The paper has the following structure.
1: Cycles underlie fractals and Mandelbrot’s multifractals can be redrawn from a cycle perspective. This suggests that time cycles are fractals that showcase self-similarity with a factor of 3. They are also more proportionate than price fractals.
2: The above mathematical proportion X, X/3, X/9, X/27, etc can be seen in the economic group of cycles (Fig. 1) viz. William Strauss and Neil Howe, Brian Berry, Clement Juglar, and Joseph Kitchin, which are connected by 3. This hence is not a chance event, but owing to time fractal nature. This means that if we isolate the Kitchin (K) cycle of 40- 44 months, which is widely witnessed, we could identify lower hierarchies i.e. K/3, K/9, K/27, etc. The cycle characteristics were kept in mind before isolating the K factor.
– – -K/9-K/3-‘K’ KITCHIN-JUGLAR-BERRY-STRAUSS- – – — -K/9-K/3-K-3K-9K- – –
Fig. 1 Economic cycles ruled by a factor of 3.
3: If it is assumed that time fractals can be isolated, similar cycle periodicities can be witnessed and isolated in intermarket ratio lines, which are independent of price.
4: The cycle periodicity was tabulated and tested for power law distributions.
5: The K/9 time fractal periodicities on intermarket ratio line are tested in the long-short strategy.
Time Fractals vs. Price Fractals
The term fractal, as Mandelbrot defined it, refers to a curve in which distinct parts are smaller scales of the whole curve. A multifractal is formed by a curve pattern being repeated at smaller and smaller time scales. Mandelbrot used a 3 wave pattern, the first and last being in the direction of the general trend, the middle against the general trend. A picture of his example from the article “A Multifractal Walk Down Wall Street” is illustrated in Fig 2. Mandelbrot multifractals focused on the price and not the time. This is the reason why price fractals and time fractals seem disconnected. Human beings as a society can relate more to what they can see and feel. Time is an underlying variable, which is tougher to relate compared to price. This is one reason why the debate regarding who saw it first, Elliott or Mandelbrot is inappropriate when one realizes that time fractals are more proportionate than price fractals. If one redraws Mandelbrot’s multifractals from a time cycle (The up leg and the down leg) rather than from a price trend (The up leg – The down leg – The up leg) perspective, the same multifractals emerge out as time fractals Fig 3. Not only do the iterations break up in the same proportion X, X/3, X/9, X/27, etc., but the time fractals also are more homogeneous than the price multifractals in Fig.2.

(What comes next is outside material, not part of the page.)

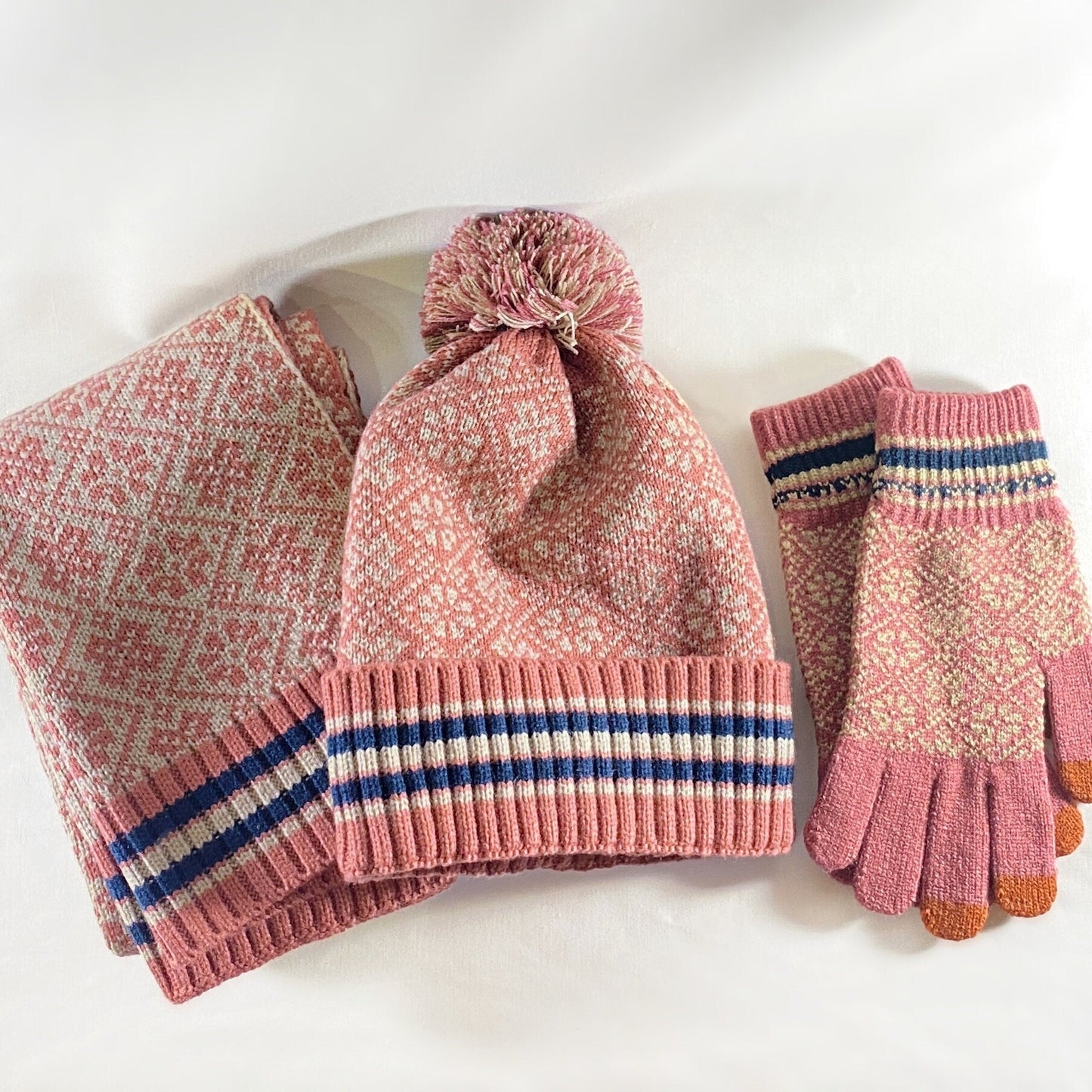 Hat, Scarf, and Gloves Set - Pink, Cozy Winter Accessories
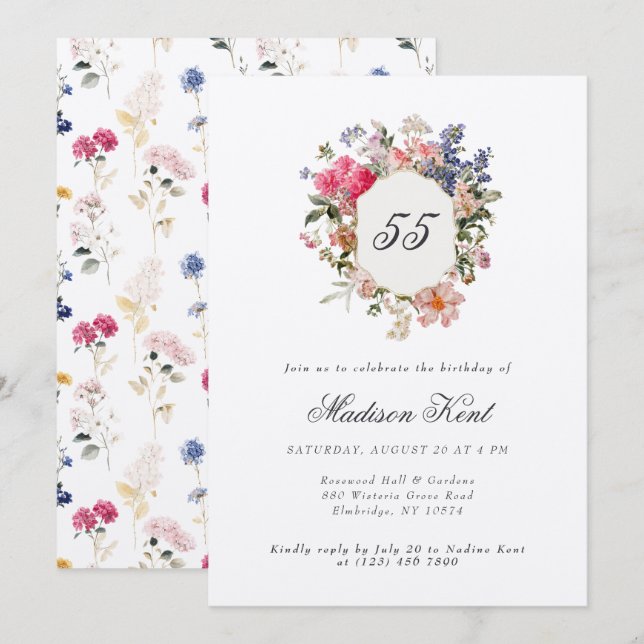 Painted Floral Crest 55th Birthday Party Invitation (Front/Back)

The Kitchin Cycle (The K Factor)
Tony Plummer in his book ‘Forecasting financial markets’ does give reference to time cycles as a triad of patterns. Though Plummer comes close to the idea of a power law and self-similarity in cycles, he does not
give proof, for the same. He mentions that “if the triad theory is correct, then the pattern should repeat themselves in a fractal-like fashion across all genuine cyclical time”. Plummer also talks about the time aspect of the cycle along with the cycle pattern (Fig.4). The cycle pattern is represented by the move from 0 to C i.e., 1–2–3 up and A–B–C down. It then consists of three lower-level (sub-) cycles, each of which itself contains the archetypal six-wave pattern. According to Plummer each of these lower-level cycles will itself consist of three cycles. In other words, the cycles are nested within each other. In all cases, significant lows can be expected to occur one-third and two-thirds along the time elapse of the next higher cycle that contains it. Similarly, important highs occur at one-sixth, one-half, and five-sixths along the time elapse of that higher-level cycle.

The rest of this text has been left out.